Motta era un tifoso dell’Inter. Faceva parte di un “gruppo” a suo modo, pure lui. Si chiamava “Banda Bagaj” (banda bambini, in dialetto milanese), nato per portare anche i piccoli allo stadio. Motta di calcio ci è morto, indirettamente.
Il 15 febbraio 2009 Motta, padre di una bimba, è al Meazza per assistere al derby. Un gruppo di ultras milanisti cala dal secondo al primo anello per punire un gruppetto di interisti che hanno osato strappare uno striscione. Motta finisce per caso in mezzo alla rissa. Gli arriva un pugno che gli spappola un occhio. Il 17 luglio 2009 il giudice Alberto Nosenzo condanna a pene comprese tra sei mesi di reclusione e quattro anni e mezzo di carcere sei ultras milanisti accusati, a vario titolo, di rissa aggravata e lesioni. Luca Lucci, uno dei capi storici della curva Sud, viene condannato per aver sferrato il pugno. A Motta viene riconosciuta invece una provvisionale di 140 mila euro a carico dei condannati “da versare in solido”. La moglie di Lucci alla sentenza urla a Motta che “i 140 mila euro te li devi spendere tutti in medicinali, maledetto infame”.
Secondo tempo: il “solido” in Italia è un concetto liquido. I condannati non pagano perché risultano nullatenenti. Motta quei soldi non se li può spendere nemmeno in medicine, come pure avrebbe voluto fare. E’ costretto suo malgrado ad accettare una sorta di pagamento rateale, ma non ottiene nulla. Entra in depressione. Torna allo stadio, ma basta bambini. I bambini allo stadio mai più. Dura tre anni. Poi, il 24 maggio 2012, si impicca. Il suo legale, l’avvocato Consuelo Bosisio, dice che “le sue condizioni psicologiche sono peggiorate perché gli imputati condannati per quegli scontri non gli hanno versato i 140 mila euro che gli dovevano come risarcimento e con i quali lui voleva andare a farsi curare all’estero”. La famiglia invece dirà che non vi era alcun collegamento tra la sua malattia e i fatti processuali.

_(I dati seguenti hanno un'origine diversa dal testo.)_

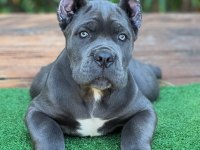 Ruhsatlı Köpek Çiftliğinden Cane Corso Yavrular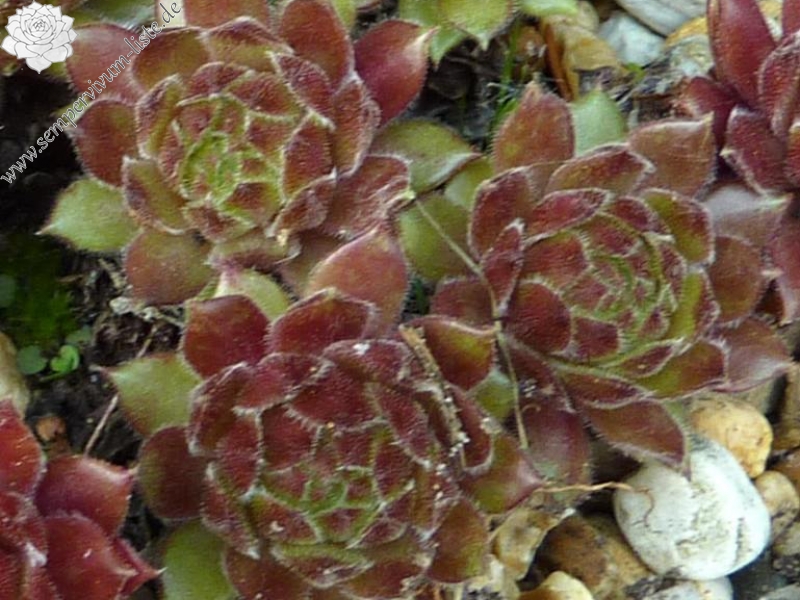 Zap Mama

Sullo sfondo resta quel nome che adesso rimbalza sui giornali, di nuovo, con cadenza quasi fissa ogni 3 anni. Luca Lucci. Il 6 giugno 2018 finisce in manette in un’inchiesta della polizia su un traffico di droga con gli albanesi. Patteggerà una pena di un anno e mezzo. Un anno dopo gli sequestrano beni per un milione. Va in sorveglianza speciale per tre anni. A fine dicembre 2021 torna in carcere per droga: sceglie il rito abbreviato e viene condannato a 7 anni. Secondo le indagini Lucci risulta “il vertice dell’organizzazione”. Nella chat intercettate si fa chiamare “Belva Italia”. Siamo al 2024. Parliamo ancora di Lucci. Di Virgilio Motta non parla quasi più nessuno.